The minster announced this policy change during his budget vote speech in Parliament on Tuesday morning.
Professor Salim Karim‚ Director of Aids research centre Caprisa‚ said “the Minister’s announcement is undoubtedly a step in the right direction”.
He continued: “This policy change has been expected and follows hard on the heels of the December World Health Organisation guidelines on antiretroviral treatment. The impetus for this policy change emanates from compelling new evidence from the START trial presented at the Vancouver AIDS conference last year.”
A 2011 trial conducted in 35 countries called the Strategic Timing Anti Retroviral Treatment ( START) study had 4‚685 HIV positive participants‚ half who started HIV treatment as soon as they were diagnosed. The other group waited until their CD4 count dropped below 350.
The group that started treatment later had double the incidence of TB‚ Non Hodgkins Lymphoma‚ Karposi Sarcoma (a skin cancer) and non-HIV related disease such as heart attacks and certain cancers – 86 versus 41 in the group who had treatment immediately. The evidence that starting treatment early was so compelling that the trial was stopped early as it became unethical to delay treatment to those not receiving it.
“We now have clear-cut proof that it is of significantly greater health benefit to an HIV-infected person to start antiretroviral therapy sooner rather than later‚” said Anthony S. Fauci‚ Director of the US National Institute of Allergy and Infectious Disease‚ at the time.
He added: “Moreover‚ early therapy conveys a double benefit‚ not only improving the health of individuals but at the same time‚ by lowering their viral load‚ reducing the risk they will transmit HIV to others. These findings have global implications for the treatment of HIV.”
Speaking in parliament Motsoaledi‚ also said pilot studies would test the use of Truvada‚ a treatment that prevents HIV infection in young women.

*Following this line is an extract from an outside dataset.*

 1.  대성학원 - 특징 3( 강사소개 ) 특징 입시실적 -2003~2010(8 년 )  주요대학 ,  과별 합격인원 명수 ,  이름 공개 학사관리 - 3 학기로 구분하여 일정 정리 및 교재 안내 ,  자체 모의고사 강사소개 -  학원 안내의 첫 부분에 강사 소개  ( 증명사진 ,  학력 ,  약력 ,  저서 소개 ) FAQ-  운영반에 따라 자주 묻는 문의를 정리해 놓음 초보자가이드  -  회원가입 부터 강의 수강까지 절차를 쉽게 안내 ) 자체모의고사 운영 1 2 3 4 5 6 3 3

Young women in the 15 to 25 year age group have the highest risk of contracting HIV in the country with almost half of 25-year-olds in some areas of Kwazulu-Natal being HIV positive.
However‚ at least three studies testing various ARV preventative gels and pills have failed in young women in South Africa as they did not use the products.
The pilot studies will look at helping them take prevention.
Sex workers who are negative have qualified for free Truvada to prevent them becoming positive since December last year.